Humboldt coğrafyaya en büyük
katkısını bir gözlemci ve kıyaslamacı olarak yapmış, insanların doğanın bir
parçası olarak görüldüğü dünyada dünya anlayışını geliştirmeye çalışmıştı. İlk
ilgisi asla terk edemediği botanik ile başlamıştı. Göttingen’deki üniversite eğitimi
sırasında Jeoloji ve Freiburg Madencilik Okulu’nda da 8 ay süreyle madencilik
ve jeoloji eğitimi almıştı. Jeoloji madencilik temeliyle Güney Almanya
içlerinde kendisine geniş ölçüde seyahat etme fırsatı bulmuştur. Fakat seyahat
etme ve dünya hakkında daha çok şeyler öğrenme arzusunu bundan çok daha önce
teşvik eden olay ise Kaptan James Cook ile dünyanın çeşitli yerlerine babasının
yanında seyahat etmiş olan Geoerg Foster ile tanışması olmuştur.
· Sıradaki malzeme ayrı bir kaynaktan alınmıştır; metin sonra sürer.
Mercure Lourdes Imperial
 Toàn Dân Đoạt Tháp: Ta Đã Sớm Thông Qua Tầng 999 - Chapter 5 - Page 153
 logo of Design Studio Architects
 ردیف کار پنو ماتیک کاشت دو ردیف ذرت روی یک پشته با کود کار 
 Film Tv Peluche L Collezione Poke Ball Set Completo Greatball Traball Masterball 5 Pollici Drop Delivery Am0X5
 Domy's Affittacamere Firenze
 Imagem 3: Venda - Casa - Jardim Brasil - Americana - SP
Humboldt ilk büyük çalışmasını
1793’te yayınladı: Florae Fribergensis adlı eserinde bitkilerin coğrafyası,
taşların coğrafyası ve hayvanların coğrafyasının Latince Geognosia ve Almanca
da Erdkunde olarak anılabilecek bir konu altında ele alınması gerektiğiyle
ilgili görüşlerini ileri sürüyordu. 1797’de Annesinin ölümüyle kendisine kalan
miras çalışmadan dünyanın birçok yerine seyahat edebilmesi ve gözlemlerini
yapabilmesi için kendisine kaynak oluşturacaktı. 1799’da İspanyol Amerikası’na
bilimsel gözlemlerde bulunmak üzere yola koyulmuştur. Bu seyahatleri sırasında
bilimsel gözlemler yapmış, dikkatli kayıtlar tutmuş, birçok yerin enlem ve
boylamını belirlemiş, birçok bitki toplamış ve sınıflandırmış, Andlar’da birçok
yerin yükseltisini belirlemiş Andlar’da yükselti ile bitki örtüsü arasında
ilişki olduğunu ortaya çıkarmıştır. Kendi adı verilen Humboldt akıntısının
sıcaklığını ölçmüştür.
1804’de Avrupa’ya döndüğünde
bilimsel gözlemlerini hazırlamak için hayatının daha sonraki 23 yılını
geçireceği Paris’e yerleşmiştir. Dört cildi 1845-1849 yılları arasında yayınlanan,
beşinci cildi ise ölümünden sonra notlarının derlenmesiyle 1862’de çıkan,
yerbilimleri ve antropolojiyle ilgili bütün bilgileri adeta birbiriyle ördüğü Kosmos adlı çalışması Humboldt’un
kariyerinin başyapıtıdır.
Humboldt’u modern coğrafyanın
kurucuları haline getiren olaylara baktığımızda;
Birincisi; Tüm bilimsel
çalışmalarında yeryüzünün değişik kısımlarında ortaya çıkan farklılıklarla
(örneğin bitki örtüsü) açıkça ilgilenmiştir. İkincisi, çok titiz çalışmış ve
tüm ölçümlerinde yüksek bir doğruluk derecesine erişmeye çalışmıştır. Çağdaş
coğrafyanın mirengi noktalarından birisi sayılan kantitatif yaklaşımı bize
sunmuştur. Üçüncüsü incelemekte olduğu olaylar arasındaki ilişkiyi görmeye
çalışmıştır.
Huımboldt’un deneyimleri onu
modern coğrafyada bir anahtar kavram olan çok çeşitli elemanların birbiriyle
bağlantılılıklarını kabul etmeye götürmüştür. Felsefeyle pek ilgilenmeyen
Humboldt ampirik araştırmaya dayanıyordu ve Kosmos’da öne sürdüğü ‘’doğada
birlik varolduğu’’ fikri coğrafyanın doğası hakkında herhangi bir temel
önergeden çok gerçeğin kaçınılmaz bir sentezi olark alınacak bir görüştü.